Menurut pendapat orang-orang Muslim, menjadi suci bergantung pada apa yang
dilakukannya. Penekanannya ialah pada perbuatannya.
Orang Yang Tidak Suci Terpisah dari
Allah
Kafir Kristen Pemuja Yesus menulis: Seorang
Muslim wajib berwudhu sebelum sholat. Penyucian dimaksudkan bertujuan
untuk membersihkan diri dari kenajisan, agar dapat menghadap Allah. Bila
bersentuhan dengan lawan jenis, akan dianggap najis dan wajib untuk berwudhu
kembali.
Bagi
wanita Muslim, ada saat-saat tertentu dimana mereka tidak dapat menghadap
Allah. Yaitu ketika dia dalam masa datang bulan (haid). Wanita yang sedang haid
juga tidak diperkenankan memegang Al-Quran bahkan tidak diijinkan masuk ke
dalam Masjid. Selama masa-masa haid tersebut, wanita Muslim terpisah dari
Allah. Ia harus menunggu hingga masa haidnya selesai, baru kemudian dapat
melakukan aktivitas keagamaannya.
Jawaban Saya: Kafir Kristen pemuja
Yesus yang tidak tahu apa-apa tentang Islam, berbicara mengenai Islam seolah mereka
tahu benar tentang Islam.
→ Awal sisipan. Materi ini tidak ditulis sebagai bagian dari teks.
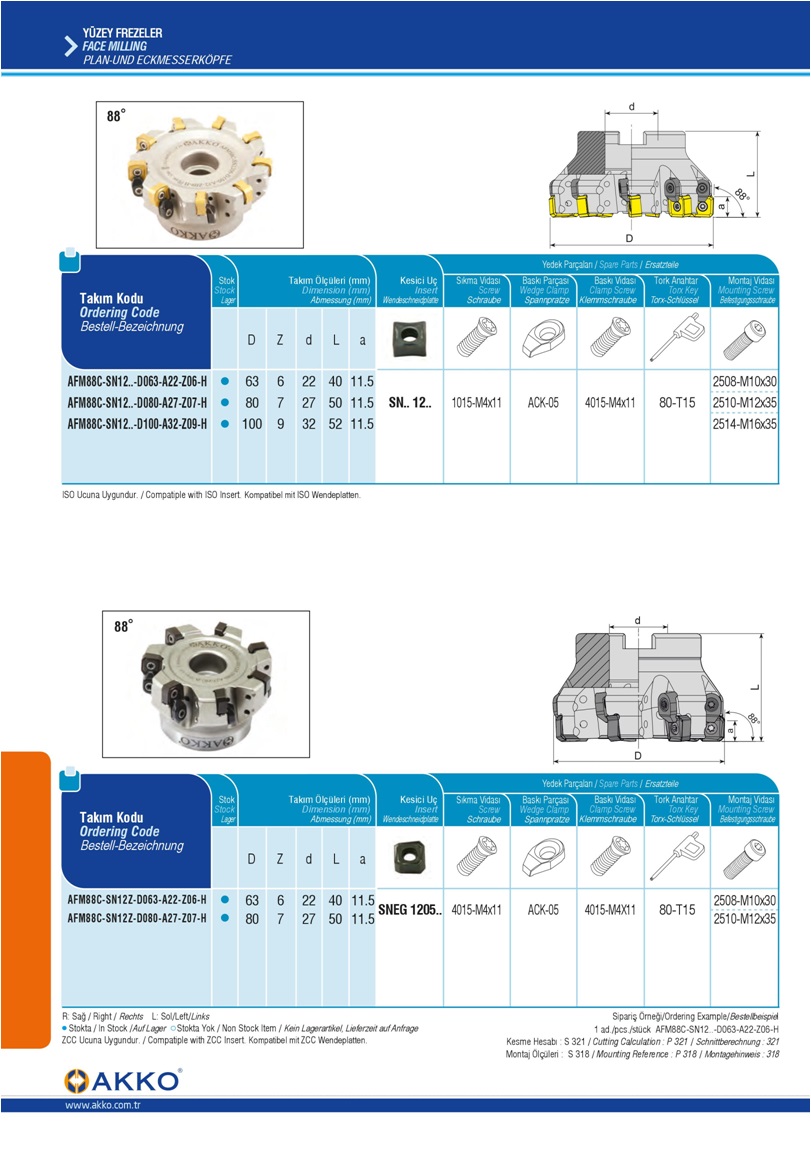 FACE MILLING- SN.. 12..- SNEG 1205..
Mereka mengatakan seorang Muslim yang telah suci
setelah wudhu, harus kembali berwudhu bila bersentuhan dengan lawan jenis
karena di anggap najis. Sampai di sini terlihat kalau kafir Kristen pemuja
Yesus tidak dapat membedakan antara najis dan hadats. Bersentuhan kulit dengan
lawan jenis tidak membuat najis. Bersentuhan kulit dengan lawan jenis adalah
salah satu sebab seseorang berhadats. Jika terjadi setelah berwudhu maka
wudhunya batal dan harus di ulang kembali. Jadi yang menyebabkan seseorang
harus mengulang wudhu adalah jika dia berhadats, bukan karena kena najis.
Kafir
Kristen pemuja Yesus mengatakan bahwa seorang wanita yang sedang haid dianggap
najis. Sehingga dia tidak diperkenankan untuk beribadah termasuk berpuasa
sampai masa haidnya selesai. Itu tidak benar. Islam tidak pernah menganggap
wanita yang sedang haid sebagai wanita najis. Wanita haid dalam Islam di anggap
berhadats, bukan najis. Larangan Shalat bagi Muslimah yang sedang haid harusnya
tidak perlu dipermasalahkan oleh kafir Kristen pemuja Yesus. Hal itu karena
dalam Bible Perjanjian Lama juga terdapat larangan bagi wanita haid untuk
beribadah, sebagaimana ayat di bawah ini:
Apabila seorang perempuan mengeluarkan
lelehan, dan lelehannya itu adalah darah dari auratnya, ia harus tujuh
hari lamanya dalam cemar kainnya, dan setiap orang yang kena kepadanya, menjadi
najis sampai matahari terbenam. (Imamat
15:19)
"Perintahkanlah kepada orang Israel,
supaya semua orang yang sakit kusta, semua orang yang mengeluarkan lelehan, dan
semua orang yang najis oleh mayat disuruh meninggalkan tempat perkemahan; baik
laki-laki maupun perempuan haruslah kausuruh pergi; ke luar tempat perkemahan
haruslah mereka kausuruh pergi, supaya mereka jangan menajiskan tempat
perkemahan di mana Aku diam di tengah-tengah mereka." Maka orang Israel
berbuat demikian, mereka menyuruh orang-orang itu meninggalkan tempat
perkemahan; seperti yang difirmankan TUHAN kepada Musa, demikianlah diperbuat
orang Israel. (Bilangan 5:2-4)
Islam
tidak pernah menganggap najis wanita yang sedang haid. Kafir Kristen pemuja
Yesus menganggap wanita haid dalam Islam adalah najis, karena mereka menyamakan
antara hukum Islam dan hukum Taurat dalam hal wanita haid. Menurut hukum
Taurat, wanita yang sedang haid atau menstruasi memang di anggap najis.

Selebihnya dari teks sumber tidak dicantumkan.